To use an estimator object with EI, when you use the deploy method, include the accelerator_type input argument. The estimator returns a predictor object, which we call its deploy method, as shown in this example code.

# Deploy an estimator using EI (using the accelerator_type input argument) predictor = estimator.deploy(initial_instance_count=1, instance_type='ml.m4.xlarge', accelerator_type='ml.eia2.medium')

Use a Model Object

To use a model object with EI, when you use the deploy method, include the accelerator_type input argument. The model returns a predictor object, which we call its deploy method, as shown in this example code.

# Deploy a model using EI (using the accelerator_type input argument) predictor = model.deploy(initial_instance_count=1, instance_type='ml.m4.xlarge', accelerator_type='ml.eia2.medium')

Use EI with Your Own Container

To use EI with a model in a custom container that you build, use the low-level AWS SDK for Python (Boto 3). download and import the AWS EI-enabled versions of TensorFlow, Apache MXNet, or PyTorch machine learning frameworks, and write your training script using those frameworks.

Import the EI Version of TensorFlow, MXNet, or PyTorch into Your Docker Container

To use EI with your own container, you need to import either the Amazon EI TensorFlow Serving library, the Amazon EI Apache MXNet library, or the Elastic Inference enabled PyTorch library into your container. The EI-enabled versions of TensorFlow and MXNet are currently available as binary files stored in Amazon S3 locations. You can download the EI-enabled binary for TensorFlow from the Amazon S3 bucket at https://s3.console.aws.amazon.com/s3/buckets/amazonei-tensorflow. For information about building a container that uses the EI-enabled version of TensorFlow, see https://github.com/aws/sagemaker-tensorflow-container#building-the-sagemaker-elastic-inference-tensorflow-serving-container. You can download the EI-enabled binary for Apache MXNet from the public Amazon S3 bucket at https://s3.console.aws.amazon.com/s3/buckets/amazonei-apachemxnet. For information about building a container that uses the EI-enabled version of MXNet, see https://github.com/aws/sagemaker-mxnet-container#building-the-sagemaker-elastic-inference-mxnet-container.

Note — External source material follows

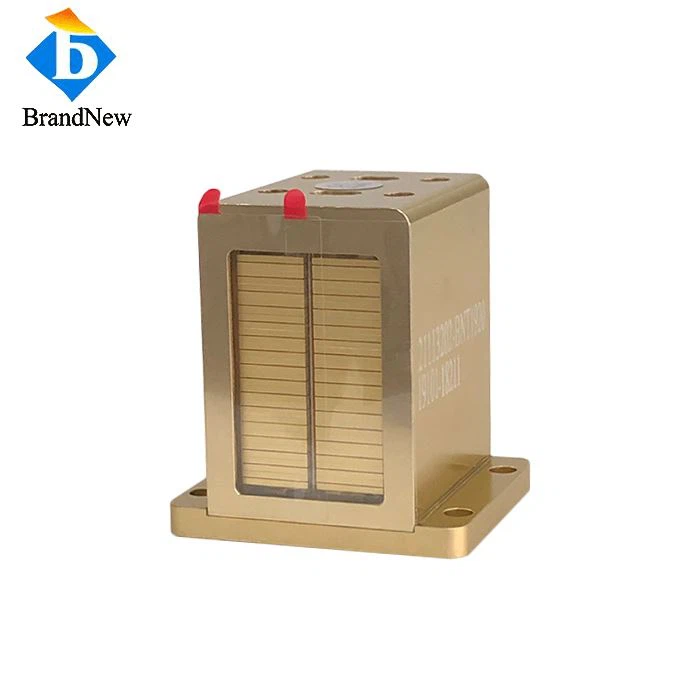 32Bars 1600W 808nm Diode Laser Stack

You can download the Elastic Inference enabled binary for PyTorch from the public Amazon S3 bucket at https://s3.console.aws.amazon.com/s3/buckets/amazonei-pytorch. For information about building a container that uses the Elastic Inference enabled version of PyTorch, see Building your image.

Create an EI Endpoint with AWS SDK for Python (Boto 3)

To create an endpoint by using AWS SDK for Python (Boto 3), you first create an endpoint configuration. The endpoint configuration specifies one or more models (called production variants) that you want to host at the endpoint. To attach EI to one or more of the production variants hosted at the endpoint, you specify one of the EI instance types as the AcceleratorType field for that ProductionVariant. You then pass that endpoint configuration when you create the endpoint.

Create an Endpoint Configuration

To use EI, you need to specify an accelerator type in the endpoint configuration.

# Create Endpoint Configuration from time import gmtime, strftime endpoint_config_name = 'ImageClassificationEndpointConfig-' + strftime("%Y-%m-%d-%H-%M-%S", gmtime()) print(endpoint_config_name) create_endpoint_config_response = sagemaker.create_endpoint_config( EndpointConfigName = endpoint_config_name, ProductionVariants=[{ 'InstanceType':'ml.m4.xlarge', 'InitialInstanceCount':1, 'ModelName':model_name, 'VariantName':'AllTraffic', 'AcceleratorType':'ml.eia2.medium'}]) print("Endpoint Config Arn: " + create_endpoint_config_response['EndpointConfigArn'])

Create an Endpoint

After you create an endpoint configuration with an accelerator type, you can create an endpoint.

endpoint_name = 'ImageClassificationEndpoint-' + strftime("%Y-%m-%d-%H-%M-%S", gmtime()) endpoint_response = sagemaker.create_endpoint( EndpointName=endpoint_name, EndpointConfigName=endpoint_config_name)

After creating the endpoint, you can invoke it using the invoke_endpoint method in a Boto3 runtime object, as you would any other endpoint.